Тут он вздохнул, вспомня, какое маленькое у нее ушко; от ушка далее и далее; наконец он сел, как будто желая-рассмотреть образ, носящийся перед его глазами.
– Да, да, это правда - она хороша, слова нет, что хороша, приговаривал он, будто нехотя, - сложена - чудо! Умна, как день, но зато уж зла, как медяница, как змея с погремушками... Я поздравляю
Урочный час пробил, и откормленный слуга явился в дверях.
– Самовар подан!
– возгласил он однозвучно. Виктор глядел на него, расширив глаза, как будто слуга, произнес что-то на санскритском наречии.
– Пожалуйте кушать чаю!
– сказал вестник.
– Кушать чаю?
– повторил Виктор умильным голосом. , - Сейчас иду, друг мой! Иду, но для того, чтобы показать спесивице, что значит оскорбленная любовь!
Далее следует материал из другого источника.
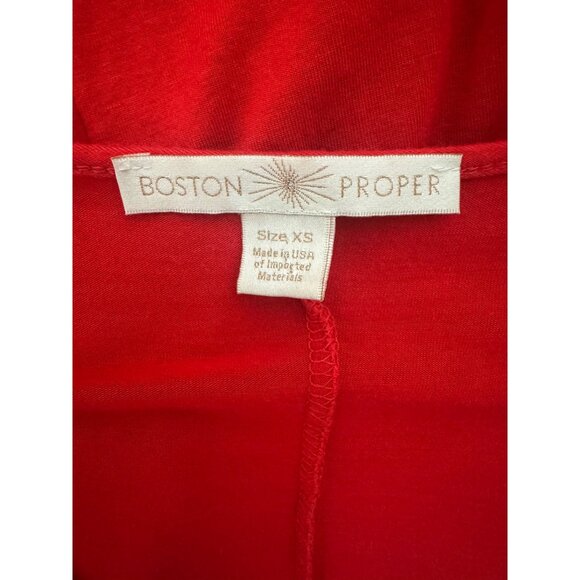Boston Proper Red Dolman Cold Shoulder Soft Knit Waist Tie Top Size XS V-Neck - Picture 6 of 9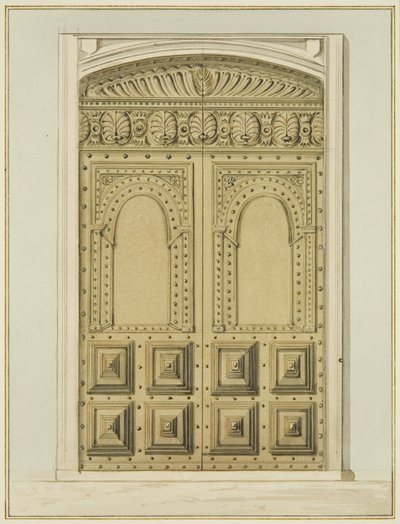 Porte intérieure sculptée près de l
– присовокупил он, оправдываясь перед собою.
С небрежным видом вошел Виктор в гостиную и, вместо того чтоб сесть по-прежнему подле Жанни, рассыпаясь жемчугом в иносказательных приветствиях, подсел к старику, хозяину, и пустился шутить с ним наперегонки. Но Жанни, которая прежде всех, бывало, показывала зубки, когда он выказывал остроумие или рассказывал
что-нибудь смешное, теперь не удостоивала его шуток даже улыбкою, заводила незначащий разговор с матерью и, будто назло ему, все делала наоборот. Обыкновенно, в первой степени любовного масонства, ученики стараются узнать и угадать все вкусы, все прихоти, все причуды милой особы и таким нежным вниманием, такими маленькими услугами пробивать тропинку до ее сердца. Подобный размен предупредительности уже существовал между нашими любовниками, и они оба могли перечесть по пальцам, что каждый из них любит или не любит особенно; ни одна безделица, которую только глаз любви может заметить, только сердце любви оценить, не предлагалась без взаимной придачи улыбки или слова. Напротив, теперь Шанни будто вовсе забыла привычки Виктора. Чай, вопреки его вкусу, был сладок, как варенье; ему предлагали сливок, хотя он никогда не употреблял их, и, что всего обиднее, не дослушав его речей, Жанни обращалась к другим с пустыми вопросами. Виктор выходил из себя, стараясь казаться хладнокровным. Жанни казалась ему чудовищем, но чудовищем, самым милым в свете; он готов был тогда разбраниться с нею навек и расцеловать в пух. Беда, когда западет в ретивое страсть, которой мы не в силах ни бежать, ни победить!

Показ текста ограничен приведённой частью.